Peters's birth name is Robyn; however, she has not gone by that name since her childhood.

== Career ==

Peters completed a Bachelor of Arts with a major in computer science at Rice University and initially worked as a software engineer for Hewlett-Packard in their Unix development team.

In approximately 1999 Peters was managing the HP-UX desktop development and became aware of the GNOME project when the team decided to provide GNOME on HPUX. Peters had a role in explaining the Open Source business and intellectual property models to Hewlett-Packard management. She later founded the Hewlett-Packard Open Source Program Office. In 2000 she became one of the founding members of the GNOME Foundation Advisory board.

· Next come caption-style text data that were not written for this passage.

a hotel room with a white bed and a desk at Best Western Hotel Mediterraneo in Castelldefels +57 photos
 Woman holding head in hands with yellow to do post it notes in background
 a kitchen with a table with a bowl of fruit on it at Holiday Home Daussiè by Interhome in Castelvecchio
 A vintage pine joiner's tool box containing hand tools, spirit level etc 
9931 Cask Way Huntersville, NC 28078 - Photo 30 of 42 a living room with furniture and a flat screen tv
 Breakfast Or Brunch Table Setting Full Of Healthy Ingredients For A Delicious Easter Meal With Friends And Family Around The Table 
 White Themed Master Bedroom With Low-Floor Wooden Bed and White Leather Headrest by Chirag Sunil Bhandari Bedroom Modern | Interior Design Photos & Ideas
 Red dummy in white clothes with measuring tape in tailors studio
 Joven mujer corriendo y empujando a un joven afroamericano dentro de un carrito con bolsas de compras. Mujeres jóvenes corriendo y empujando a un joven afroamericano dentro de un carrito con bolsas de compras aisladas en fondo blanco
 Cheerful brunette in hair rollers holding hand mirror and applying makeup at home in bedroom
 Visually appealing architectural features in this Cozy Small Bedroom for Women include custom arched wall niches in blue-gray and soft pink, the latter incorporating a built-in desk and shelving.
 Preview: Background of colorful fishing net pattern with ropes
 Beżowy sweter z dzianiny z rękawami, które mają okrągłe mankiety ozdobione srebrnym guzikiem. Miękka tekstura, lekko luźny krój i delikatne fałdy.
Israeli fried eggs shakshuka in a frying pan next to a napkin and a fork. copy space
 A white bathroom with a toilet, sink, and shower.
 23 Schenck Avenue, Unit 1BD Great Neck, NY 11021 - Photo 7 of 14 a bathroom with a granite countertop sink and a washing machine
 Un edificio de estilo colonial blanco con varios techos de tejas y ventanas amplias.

In December 2005 Peters became Director of Product Management for OpenLogic, an Open Source services company. In July 2008 Peters left OpenLogic and became the executive director of the GNOME Foundation. Her role was in coordinating with sponsors, business development and marketing. In November 2010 she left to Mozilla. Between July 2011 to June 2012 she was a member of the GNOME Board of Directors.

Peters has given keynote talks to many Open Source conferences including the Open Source Business Conference, linux.conf.au, the 2008 and 2009 GNOME.Asia summit in Beijing and Ho Chi Minh City respectively, and the Ohio Linuxfest in 2010.

In August 2019 Peters became the Director of the Open Source Programs Office at Microsoft.